Flash-KMeans Accelerates K-Means Algorithm Over 200x on GPUs
Researchers from UC Berkeley and UT Austin have developed Flash-KMeans, an open-source library that significantly accelerates the standard Lloyd's k-means algorithm on GPUs. This IO-aware implementation, built with Triton GPU kernels, focuses on restructuring data movement rather than altering the core mathematics or approximating results. Benchmarking on an NVIDIA H200 GPU indicates Flash-KMeans achieves an end-to-end speedup of up to 17.9 times over leading baselines, 33 times over NVIDIA cuML, and more than 200 times faster than FAISS.
Flash-KMeans is designed to address the increasing demand for k-means computations within modern AI training and inference loops, where call latency is critical. The library ships under an Apache 2.0 license and is installable via pip.
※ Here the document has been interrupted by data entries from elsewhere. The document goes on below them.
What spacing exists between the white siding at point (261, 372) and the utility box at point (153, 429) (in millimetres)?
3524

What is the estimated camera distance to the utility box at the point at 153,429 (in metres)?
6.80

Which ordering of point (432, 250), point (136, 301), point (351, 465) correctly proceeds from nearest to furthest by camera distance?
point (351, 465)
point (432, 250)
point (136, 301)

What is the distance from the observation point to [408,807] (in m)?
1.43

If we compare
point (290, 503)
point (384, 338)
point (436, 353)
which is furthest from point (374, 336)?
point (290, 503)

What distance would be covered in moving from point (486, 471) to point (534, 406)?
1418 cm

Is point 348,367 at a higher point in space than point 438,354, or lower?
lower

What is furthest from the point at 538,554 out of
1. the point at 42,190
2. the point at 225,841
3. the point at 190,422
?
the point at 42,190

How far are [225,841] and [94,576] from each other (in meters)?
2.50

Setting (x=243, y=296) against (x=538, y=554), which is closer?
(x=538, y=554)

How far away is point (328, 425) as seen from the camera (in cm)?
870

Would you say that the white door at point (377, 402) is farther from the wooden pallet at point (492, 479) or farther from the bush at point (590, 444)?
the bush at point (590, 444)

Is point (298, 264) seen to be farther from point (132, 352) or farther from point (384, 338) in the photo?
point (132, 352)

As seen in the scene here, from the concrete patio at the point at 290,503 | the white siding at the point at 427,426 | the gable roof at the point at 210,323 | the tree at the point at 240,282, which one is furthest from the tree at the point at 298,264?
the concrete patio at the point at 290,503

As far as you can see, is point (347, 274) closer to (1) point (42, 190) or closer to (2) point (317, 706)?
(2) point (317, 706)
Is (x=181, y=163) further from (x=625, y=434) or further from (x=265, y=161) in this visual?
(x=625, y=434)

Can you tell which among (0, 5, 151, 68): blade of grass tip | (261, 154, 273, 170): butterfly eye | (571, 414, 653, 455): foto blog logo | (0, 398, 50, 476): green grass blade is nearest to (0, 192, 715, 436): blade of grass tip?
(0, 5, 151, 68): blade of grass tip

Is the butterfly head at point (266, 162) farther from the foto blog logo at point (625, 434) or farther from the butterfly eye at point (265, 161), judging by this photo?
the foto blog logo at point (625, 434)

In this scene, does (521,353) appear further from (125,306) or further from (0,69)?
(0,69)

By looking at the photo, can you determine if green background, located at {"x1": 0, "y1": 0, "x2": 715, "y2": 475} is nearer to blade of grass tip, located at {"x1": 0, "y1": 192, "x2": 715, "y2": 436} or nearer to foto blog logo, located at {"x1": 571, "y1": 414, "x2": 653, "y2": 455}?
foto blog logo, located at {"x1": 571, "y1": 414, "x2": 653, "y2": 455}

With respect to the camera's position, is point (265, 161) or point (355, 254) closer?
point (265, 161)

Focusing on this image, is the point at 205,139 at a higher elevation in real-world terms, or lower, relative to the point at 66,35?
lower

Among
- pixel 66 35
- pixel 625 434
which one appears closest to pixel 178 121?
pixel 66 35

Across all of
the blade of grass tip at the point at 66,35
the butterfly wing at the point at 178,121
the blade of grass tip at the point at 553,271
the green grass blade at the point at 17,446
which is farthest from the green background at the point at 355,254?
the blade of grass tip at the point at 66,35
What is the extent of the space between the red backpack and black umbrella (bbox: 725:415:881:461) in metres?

The performance gains stem from Flash-KMeans' approach to two primary bottlenecks in GPU-based k-means: the assignment stage and the centroid update stage. The assignment stage, which calculates each point's distance to every centroid, traditionally involves materializing a large distance matrix in high-bandwidth memory (HBM). Flash-KMeans replaces this with FlashAssign, an approach that streams tiles of points and centroids from HBM into on-chip SRAM, fusing distance computation with an online argmin. This eliminates the need to materialize the full N×K matrix, reducing IO complexity.
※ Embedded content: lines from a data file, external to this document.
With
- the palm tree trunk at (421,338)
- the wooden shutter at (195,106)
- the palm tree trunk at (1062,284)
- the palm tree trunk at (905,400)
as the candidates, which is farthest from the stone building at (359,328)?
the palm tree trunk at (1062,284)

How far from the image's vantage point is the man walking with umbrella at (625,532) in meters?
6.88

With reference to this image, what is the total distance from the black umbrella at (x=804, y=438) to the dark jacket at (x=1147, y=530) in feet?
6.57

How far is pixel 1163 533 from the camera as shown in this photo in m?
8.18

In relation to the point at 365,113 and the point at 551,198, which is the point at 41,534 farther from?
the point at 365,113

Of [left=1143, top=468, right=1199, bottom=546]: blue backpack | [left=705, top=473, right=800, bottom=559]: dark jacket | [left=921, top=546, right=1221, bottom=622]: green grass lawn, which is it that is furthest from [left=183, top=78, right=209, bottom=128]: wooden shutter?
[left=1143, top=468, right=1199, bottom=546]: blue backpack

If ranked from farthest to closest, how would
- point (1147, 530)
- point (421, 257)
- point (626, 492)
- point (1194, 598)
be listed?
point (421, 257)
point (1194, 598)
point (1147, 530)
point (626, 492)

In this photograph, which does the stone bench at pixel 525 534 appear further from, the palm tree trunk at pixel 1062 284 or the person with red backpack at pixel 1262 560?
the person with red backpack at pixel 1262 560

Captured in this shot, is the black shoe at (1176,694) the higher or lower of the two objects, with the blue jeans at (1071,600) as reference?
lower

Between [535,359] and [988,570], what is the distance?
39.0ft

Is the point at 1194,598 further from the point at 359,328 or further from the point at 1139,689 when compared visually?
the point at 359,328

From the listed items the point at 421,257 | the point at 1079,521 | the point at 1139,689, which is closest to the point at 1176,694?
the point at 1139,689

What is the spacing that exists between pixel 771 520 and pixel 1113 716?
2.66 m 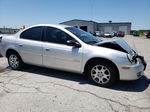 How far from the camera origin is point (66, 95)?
3.30 meters

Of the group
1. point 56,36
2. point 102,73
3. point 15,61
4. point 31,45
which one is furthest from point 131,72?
point 15,61

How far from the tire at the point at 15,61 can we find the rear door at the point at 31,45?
0.85 feet

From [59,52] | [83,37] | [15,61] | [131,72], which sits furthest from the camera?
[15,61]

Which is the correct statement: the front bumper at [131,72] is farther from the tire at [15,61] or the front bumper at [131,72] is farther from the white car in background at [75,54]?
the tire at [15,61]

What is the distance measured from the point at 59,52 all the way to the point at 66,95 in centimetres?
132

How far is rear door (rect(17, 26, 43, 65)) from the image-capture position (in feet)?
14.6

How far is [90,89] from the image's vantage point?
11.8 ft

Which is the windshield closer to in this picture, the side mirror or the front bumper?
the side mirror

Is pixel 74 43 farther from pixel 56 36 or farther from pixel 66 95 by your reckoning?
pixel 66 95

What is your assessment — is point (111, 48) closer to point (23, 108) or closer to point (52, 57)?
point (52, 57)

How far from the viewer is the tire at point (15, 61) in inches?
196

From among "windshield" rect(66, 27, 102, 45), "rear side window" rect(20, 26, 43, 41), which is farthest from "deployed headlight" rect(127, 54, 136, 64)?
"rear side window" rect(20, 26, 43, 41)

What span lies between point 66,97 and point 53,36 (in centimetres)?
198

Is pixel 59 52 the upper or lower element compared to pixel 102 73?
upper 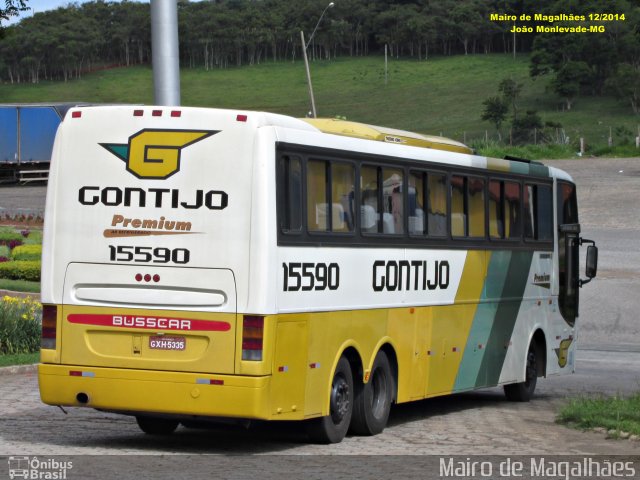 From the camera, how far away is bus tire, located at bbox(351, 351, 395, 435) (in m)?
13.0

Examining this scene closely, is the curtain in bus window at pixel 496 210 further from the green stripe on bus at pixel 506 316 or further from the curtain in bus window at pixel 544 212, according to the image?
the curtain in bus window at pixel 544 212

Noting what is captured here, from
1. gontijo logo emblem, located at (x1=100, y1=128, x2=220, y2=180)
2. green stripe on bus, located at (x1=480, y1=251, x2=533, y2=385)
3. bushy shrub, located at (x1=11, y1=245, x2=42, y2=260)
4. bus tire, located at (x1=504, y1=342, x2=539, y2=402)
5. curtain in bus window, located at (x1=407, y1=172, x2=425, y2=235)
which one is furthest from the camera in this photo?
bushy shrub, located at (x1=11, y1=245, x2=42, y2=260)

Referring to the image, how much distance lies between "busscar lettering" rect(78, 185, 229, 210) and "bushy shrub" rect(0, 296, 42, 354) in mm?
8209

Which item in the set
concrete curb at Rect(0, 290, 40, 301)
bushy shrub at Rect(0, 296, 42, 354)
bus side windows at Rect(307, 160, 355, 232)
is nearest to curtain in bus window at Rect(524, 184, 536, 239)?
bus side windows at Rect(307, 160, 355, 232)

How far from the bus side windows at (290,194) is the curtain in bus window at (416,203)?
2461 mm

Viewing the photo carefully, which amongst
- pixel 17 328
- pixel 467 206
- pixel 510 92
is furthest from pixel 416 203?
pixel 510 92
For the centroid update stage, standard methods often rely on scatter-style atomic additions, leading to contention when multiple threads target the same 'hot' cluster. Flash-KMeans introduces Sort-Inverse Update. This method sorts the 1D assignment vector by cluster ID, creating contiguous segments for identical cluster IDs. Each thread block then reduces a segment on-chip before issuing a single atomic add per segment, thereby reducing atomic contention.
Specific kernel-level optimizations show FlashAssign achieving up to 21.2 times speedup in assignment operations, while Sort-Inverse Update reaches up to 6.3 times speedup in centroid updates. For large-scale out-of-core operations, Flash-KMeans reports up to 10.5 times faster performance compared to fastkmeans. These optimizations allow Flash-KMeans to operate efficiently in scenarios where other libraries, such as FAISS, may encounter memory limitations or slower processing for large datasets.
According to Marktechpost, Flash-KMeans offers a mathematically identical output to standard Lloyd's k-means, with speed improvements derived purely from kernel-level dataflow and optimized data movement.